首先从receiverInputStreams里面对每个inputstream遍历, 这个inputstream其实就是我们上一篇文章里面说的SocketInputDStream, 执行getReceiver 其实是执行SocketInputDStream类里面的new SocketReceiver方法, 这个方法里面有一个receive方法, 会建立socket连接不停获取数据, receive方法会在onStart里面被调用。

接下来就出发endpoint (ReceiverTrackerEndpoint类)里面的StartAllReceivers(receivers):
 case StartAllReceivers(receivers) =>
        val scheduledLocations = schedulingPolicy.scheduleReceivers(receivers, getExecutors)
        for (receiver <- receivers) {
          val executors = scheduledLocations(receiver.streamId)
          updateReceiverScheduledExecutors(receiver.streamId, executors)
          receiverPreferredLocations(receiver.streamId) = receiver.preferredLocation
          startReceiver(receiver, executors)
        }



这里面主要是拿了有preferredLocation (executor)的receiver, 然后调用 startReceiver 方法去启动receiver:


    private def startReceiver(
        receiver: Receiver[_],
        scheduledLocations: Seq[TaskLocation]): Unit = {
      def shouldStartReceiver: Boolean = {
        // It's okay to start when trackerState is Initialized or Started
        !(isTrackerStopping || isTrackerStopped)
      }

      val receiverId = receiver.streamId
      if (!shouldStartReceiver) {
        onReceiverJobFinish(receiverId)
        return
      }

      val checkpointDirOption = Option(ssc.checkpointDir)
      val serializableHadoopConf =
        new SerializableConfiguration(ssc.sparkContext.hadoopConfiguration)

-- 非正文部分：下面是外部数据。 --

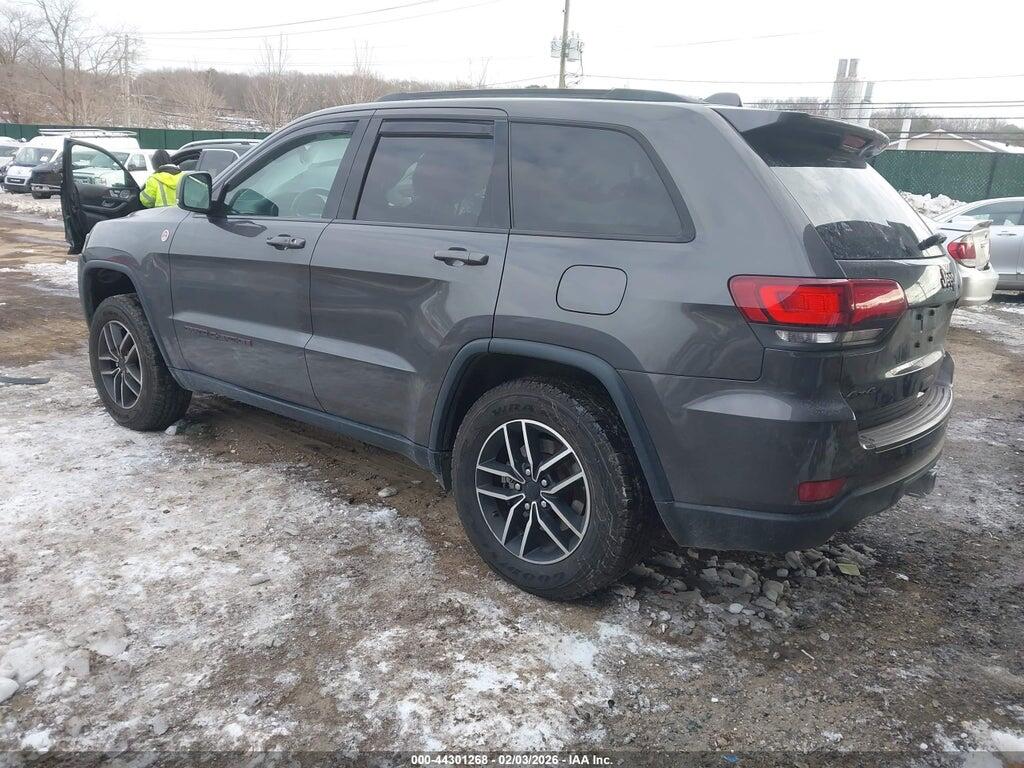 1C4RJFLG7MC585678 2021 JEEP GRAND CHEROKEE photo no. 3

      // Function to start the receiver on the worker node
      val startReceiverFunc: Iterator[Receiver[_]] => Unit =
        (iterator: Iterator[Receiver[_]]) => {
          if (!iterator.hasNext) {
            throw new SparkException(
              "Could not start receiver as object not found.")
          }
          if (TaskContext.get().attemptNumber() == 0) {
            val receiver = iterator.next()
            assert(iterator.hasNext == false)
            val supervisor = new ReceiverSupervisorImpl(
              receiver, SparkEnv.get, serializableHadoopConf.value, checkpointDirOption)
            supervisor.start()
            supervisor.awaitTermination()
          } else {
            // It's restarted by TaskScheduler, but we want to reschedule it again. So exit it.
          }
        }

      // Create the RDD using the scheduledLocations to run the receiver in a Spark job
      val receiverRDD: RDD[Receiver[_]] =
        if (scheduledLocations.isEmpty) {
          ssc.sc.makeRDD(Seq(receiver), 1)
        } else {
          val preferredLocations = scheduledLocations.map(_.toString).distinct
          ssc.sc.makeRDD(Seq(receiver -> preferredLocations))
        }
      receiverRDD.setName(s"Receiver $receiverId")
      ssc.sparkContext.setJobDescription(s"Streaming job running receiver $receiverId")
      ssc.sparkContext.setCallSite(Option(ssc.getStartSite()).getOrElse(Utils.getCallSite()))

      val future = ssc.sparkContext.submitJob[Receiver[_], Unit, Unit](
        receiverRDD, startReceiverFunc, Seq(0), (_, _) => Unit, ())
      // We will keep restarting the receiver job until ReceiverTracker is stopped
      future.onComplete {
        case Success(_) =>
          if (!shouldStartReceiver) {
            onReceiverJobFinish(receiverId)
          } else {
            logInfo(s"Restarting Receiver $receiverId")
            self.send(RestartReceiver(receiver))
          }
        case Failure(e) =>
          if (!shouldStartReceiver) {
            onReceiverJobFinish(receiverId)
          } else {
            logError("Receiver has been stopped. Try to restart it.", e)
            logInfo(s"Restarting Receiver $receiverId")
            self.send(RestartReceiver(receiver))
          }
      }(submitJobThreadPool)
      logInfo(s"Receiver ${receiver.streamId} started")
    }



可以看到里面有一句:
val future = ssc.sparkContext.submitJob[Receiver[_], Unit, Unit](
        receiverRDD, startReceiverFunc, Seq(0), (_, _) => Unit, ())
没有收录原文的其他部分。